What needs to be done
Below is a listing with pictures in it; transcribe exactly the lines from the one that has "Ai Prati Vecchi" through the one that has "Minibus - Image 1", and omit those pictures.

Listed entries

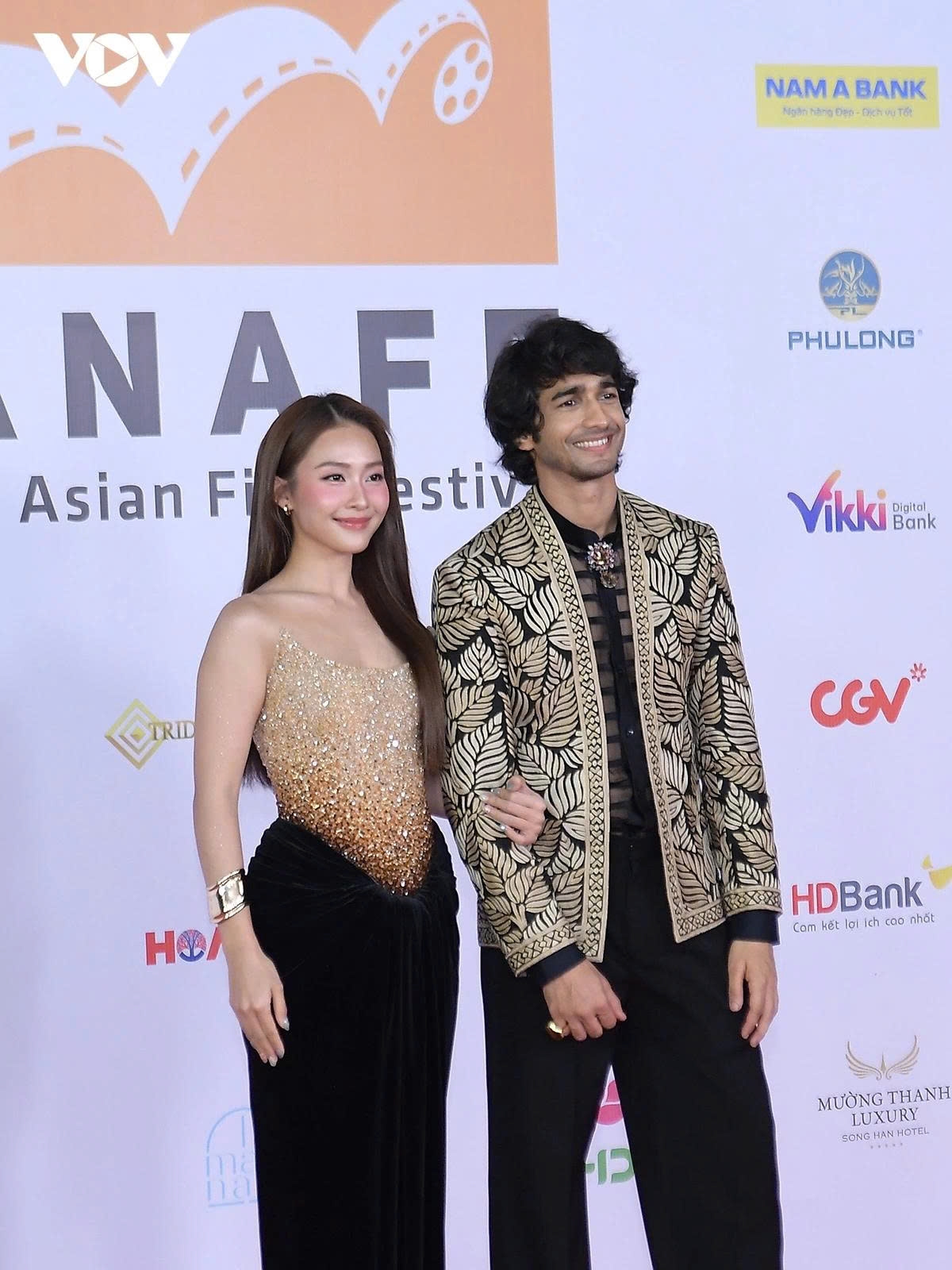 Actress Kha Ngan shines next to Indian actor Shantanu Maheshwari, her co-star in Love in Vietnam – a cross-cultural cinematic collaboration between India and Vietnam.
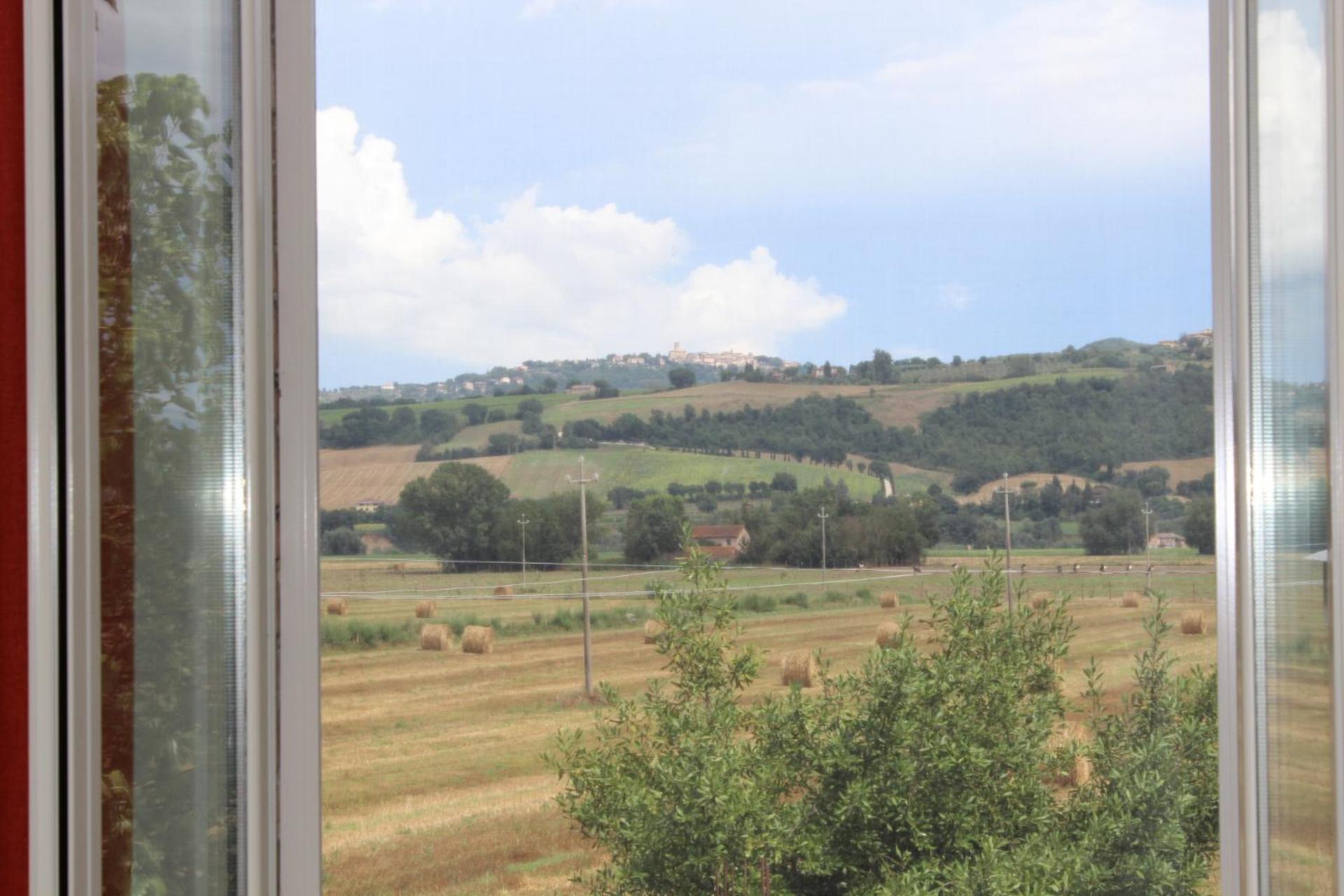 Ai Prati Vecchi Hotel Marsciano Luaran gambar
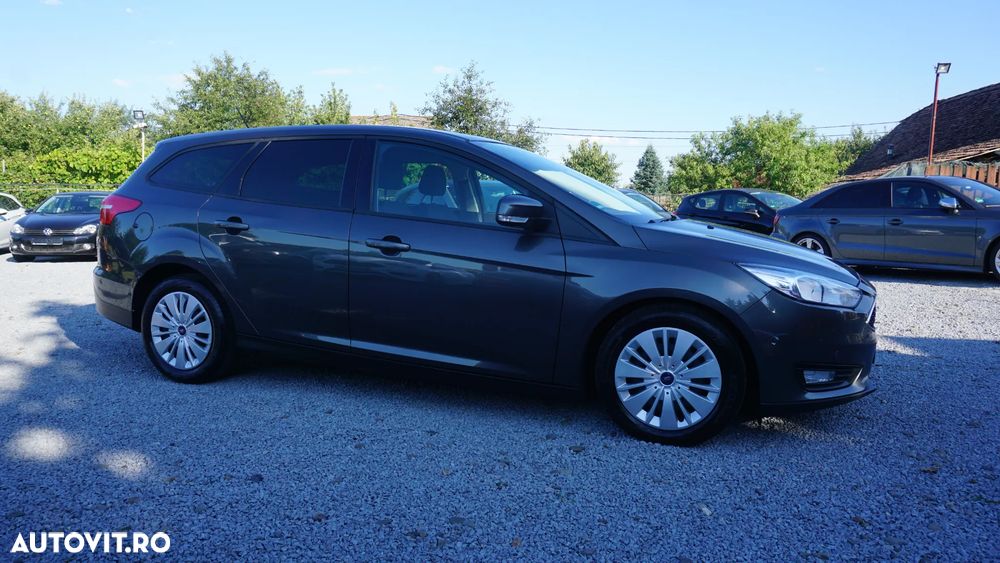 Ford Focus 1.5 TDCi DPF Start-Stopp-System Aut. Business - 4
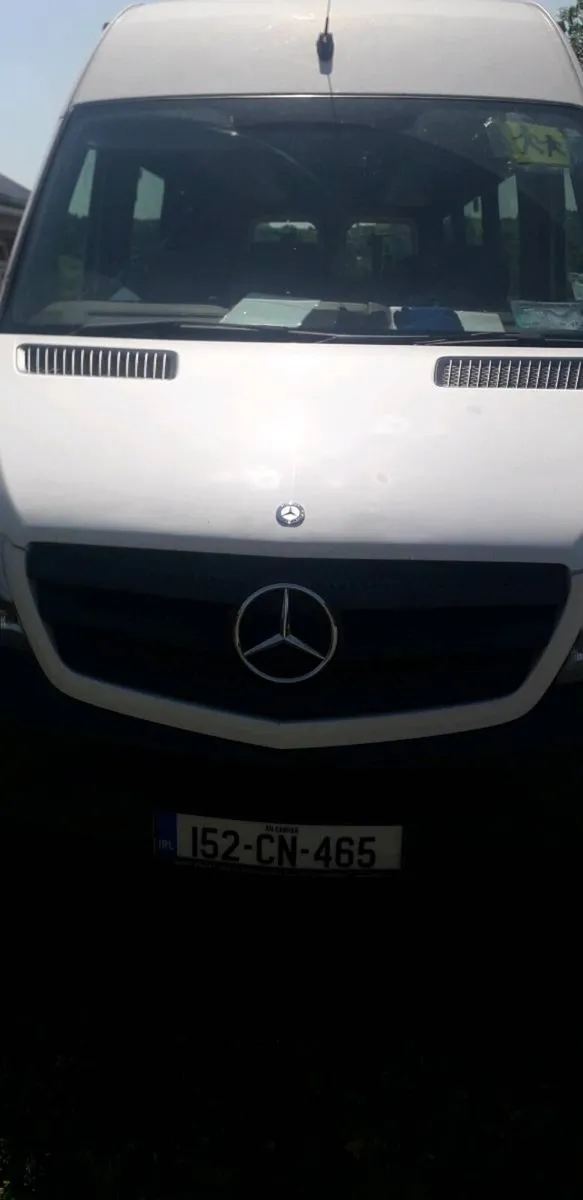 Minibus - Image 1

...

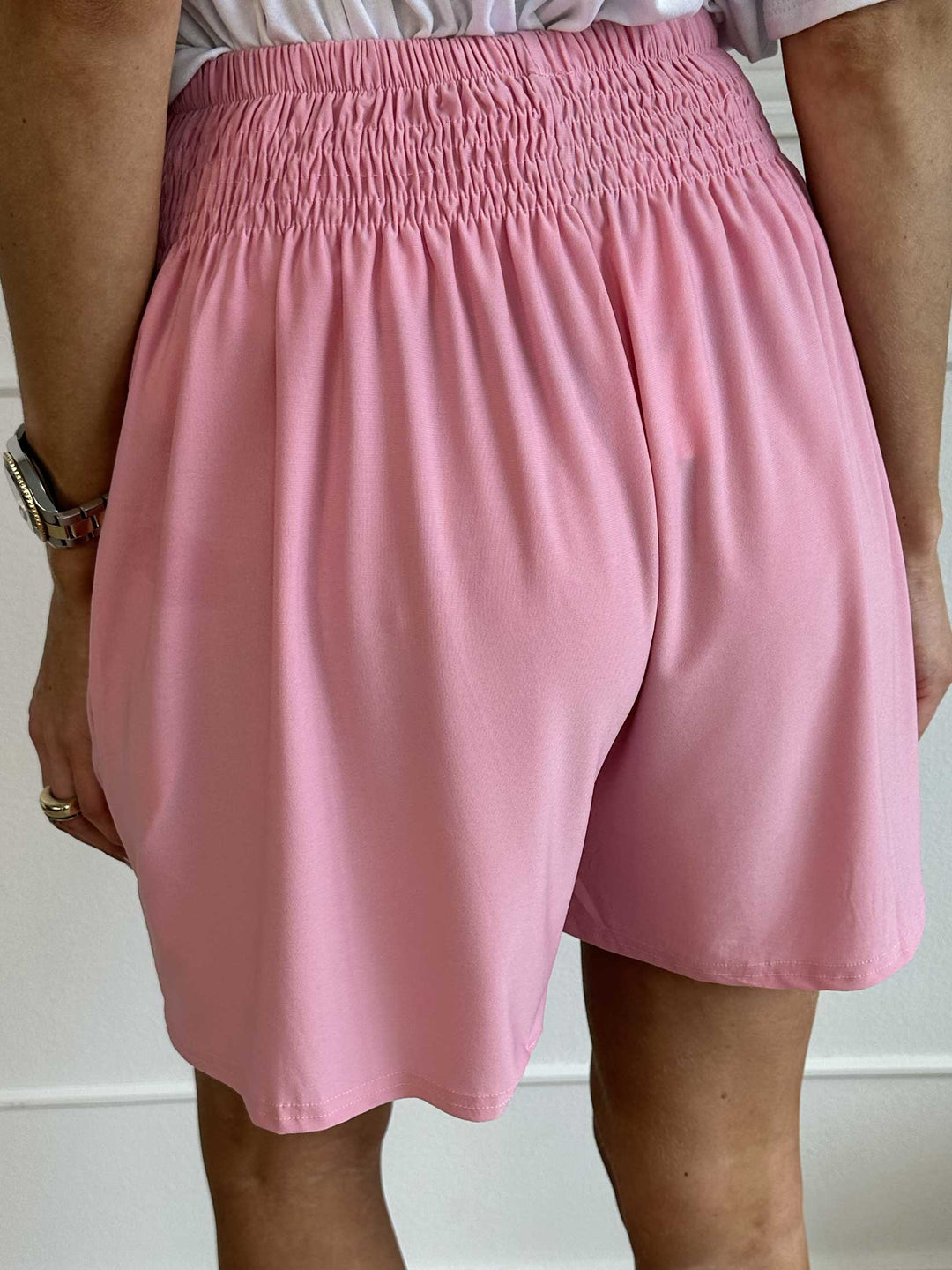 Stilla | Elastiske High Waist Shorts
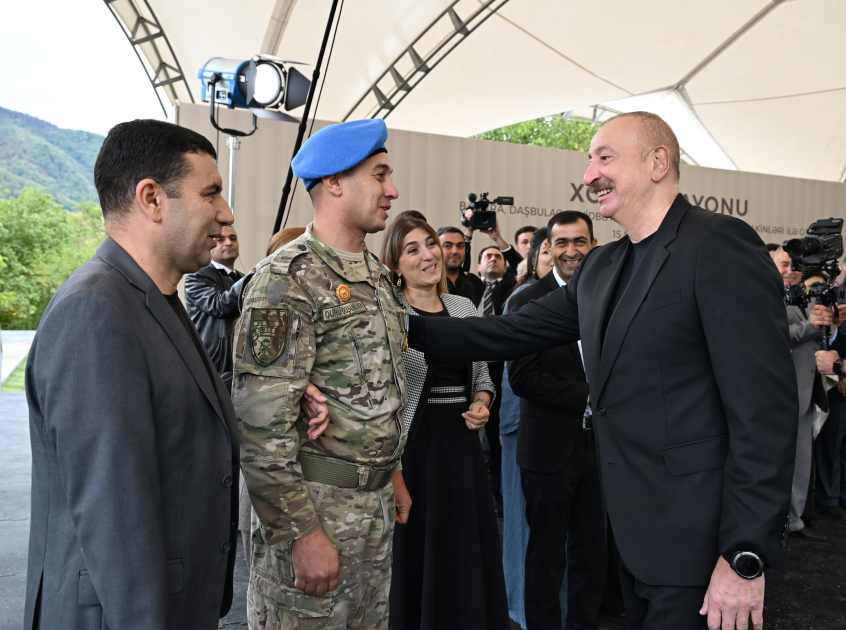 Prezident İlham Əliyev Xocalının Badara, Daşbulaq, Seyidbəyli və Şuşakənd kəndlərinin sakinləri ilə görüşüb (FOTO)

* * *

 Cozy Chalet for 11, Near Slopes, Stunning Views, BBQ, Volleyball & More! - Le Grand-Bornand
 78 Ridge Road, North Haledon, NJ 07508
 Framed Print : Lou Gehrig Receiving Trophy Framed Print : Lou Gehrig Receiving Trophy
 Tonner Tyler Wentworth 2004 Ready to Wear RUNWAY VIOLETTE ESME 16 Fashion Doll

Worked solution
 Ai Prati Vecchi Hotel Marsciano Luaran gambar
 Ford Focus 1.5 TDCi DPF Start-Stopp-System Aut. Business - 4
 Minibus - Image 1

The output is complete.